One of my strongest Thanksgiving food memories is a thing I’ve never had on that day — sheet cake.

As mess officer for the Fighting 802d Engineer Battalion, I was responsible for filling the holiday larder. In the absence of a Wegman’s or Safeway just down the road in Pyongtaek, Korea, the best I could provide our brave men was frozen turkey slices that had thawed at least a couple of times on the boat over from the States. Fortunately, our collective digestive tract was hardened by eating kimchi and drinking water drawn from wells beneath rice fields fertilized with human waste.

The meal included instant mashed potatoes and canned succotash. Dessert was Neapolitan ice cream slices that had definitely thawed a few times. Vanilla/chocolate/strawberry became a mess that resembled bloody diarrhea.

“You never ask your men to do anything that you wouldn’t do”. I dug right in to that meal all the while dreaming of Mom’s rutabaga.

The Army Security Agency occupied a corner of Camp Humphreys, Korea. The “spy guys” did not mix with the common soldiers. You could always identify a “spy guy” because they had really good haircuts. Our battalion barber was a near-sighted Korean who hated Americans.

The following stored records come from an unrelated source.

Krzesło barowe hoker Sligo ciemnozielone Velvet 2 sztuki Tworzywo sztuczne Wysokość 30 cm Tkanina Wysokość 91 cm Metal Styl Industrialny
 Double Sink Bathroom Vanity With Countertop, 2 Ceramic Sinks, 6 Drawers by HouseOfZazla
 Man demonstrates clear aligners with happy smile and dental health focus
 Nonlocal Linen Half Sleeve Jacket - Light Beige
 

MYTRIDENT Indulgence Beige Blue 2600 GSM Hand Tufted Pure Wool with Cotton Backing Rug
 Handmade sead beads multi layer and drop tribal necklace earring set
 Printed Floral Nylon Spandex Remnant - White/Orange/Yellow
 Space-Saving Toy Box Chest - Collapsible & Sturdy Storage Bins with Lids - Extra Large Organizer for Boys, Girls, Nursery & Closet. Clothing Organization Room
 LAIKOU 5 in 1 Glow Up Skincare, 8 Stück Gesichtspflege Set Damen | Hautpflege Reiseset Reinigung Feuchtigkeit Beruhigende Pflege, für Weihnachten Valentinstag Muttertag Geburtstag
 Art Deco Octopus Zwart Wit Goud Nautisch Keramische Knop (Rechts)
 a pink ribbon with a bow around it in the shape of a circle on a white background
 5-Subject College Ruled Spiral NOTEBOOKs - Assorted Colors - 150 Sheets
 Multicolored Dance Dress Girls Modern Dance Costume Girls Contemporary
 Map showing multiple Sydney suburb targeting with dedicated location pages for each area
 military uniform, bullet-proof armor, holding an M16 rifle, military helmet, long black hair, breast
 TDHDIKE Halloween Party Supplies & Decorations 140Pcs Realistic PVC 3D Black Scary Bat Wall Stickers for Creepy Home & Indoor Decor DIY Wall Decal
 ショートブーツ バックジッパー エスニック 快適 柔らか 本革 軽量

Their food supplies were flown in from the States and they had their own kitchen. We had powdered eggs. They had Eggs Benedict.

I never discovered what the ASA had for that holiday dinner. They had dessert and drinks at the Officer’s Club afterward. I needed a good stiff drink after that succotash. I sneaked in to their room and saw the remainder of a beautifully iced white sheet cake. I couldn’t resist dipping my finger into the first icing I’d tasted in six months. That might have been the most delicious thing ever to pass my lips.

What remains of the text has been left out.